Cybersecurity – Making Inside Jobs Less Likely

---

[ARTICLE PDF]      

---

---

A new program to prevent insider cyber threats has the right idea—but has government contractors scratching their heads about how to comply.

In May 2016, the Defense Department’s Defense Security Service amended the National Industrial Security Operating Manual, creating a new requirement that contractors with DOD facility security clearances have a written plan for implementing an insider threat program aimed at preventing cyber attacks. DSS further mandated that the plan be in place by November 30, 2016.

This requirement for cleared contractors is a natural extension of Executive Order 13587 and the National Insider Threat Policy—both signed by President Obama in 2012—which called for the creation of an insider threat task force to develop a government-wide program for deterring, detecting, and mitigating insider threats. Given that cleared contractors have access to and safeguard significant amounts of classified information in performing work for and on behalf of government agencies, it makes sense to require similar programs for them.

So why formalize a program now? According to Adelicia Cliffe, a partner in Crowell & Moring’s Government Contracts and International Trade groups, “The glare of the 2013 document leaks by Edward Snowden and the arrest in 2016 of another National Security Agency contractor for long-term document theft highlight that insider threat risks are not limited to agency employees, and that contractors are also in a position to exploit and compromise classified information.
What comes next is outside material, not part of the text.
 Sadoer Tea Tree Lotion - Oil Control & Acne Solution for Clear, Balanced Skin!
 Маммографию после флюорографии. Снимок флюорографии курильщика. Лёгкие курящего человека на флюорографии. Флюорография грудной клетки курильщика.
When security breaches of this magnitude happen, the government has to step up its efforts and make prevention a bigger priority.”
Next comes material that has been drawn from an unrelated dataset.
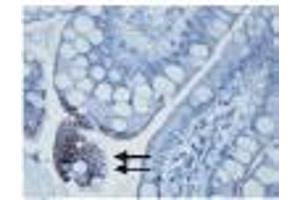 Image no. 1 for anti-Toll-Like Receptor 3 (TLR3) antibody (ABIN187555) (TLR3 Antikörper)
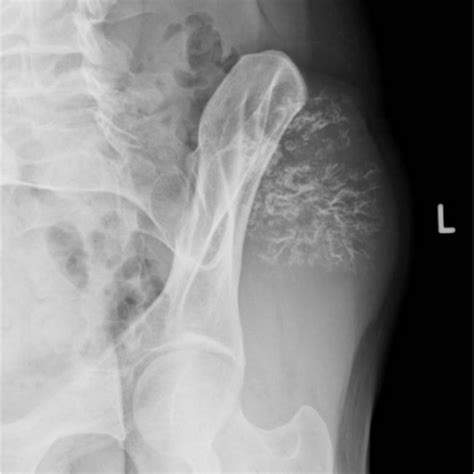 Peripheral Chondrosarcoma | Eurorad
NOT ENOUGH SPECIFICS, POTENTIAL LAND MINES

The DSS program has five minimum requirements for affected contractors:

• Designation of an insider threat program senior official to establish and execute the program
• Development of a written implementation plan 
• Reporting of “relevant and credible information” regarding potential insider threats 
• Training programs for managers and all cleared employees, plus annual refreshers 
• Information security controls to monitor activity on classified information systems

But DSS’s guidance falls short on specifics—in fact, it expressly states that the plans must be tailored to each organization’s business—leaving contractors with unanswered questions about the plan’s logistics, content, and training, among many areas. For now, they’ve had to figure things out as they go.

As with the federal agency insider threat program requirements, contractors must implement the insider threat program consistent with legal, civil liberties, and privacy policies. Cliffe emphasizes the significance of this intersection as a particularly thorny area for cleared contractors, in light of the sensitivity of insider threat information and the potential consequences of reporting an individual under the program.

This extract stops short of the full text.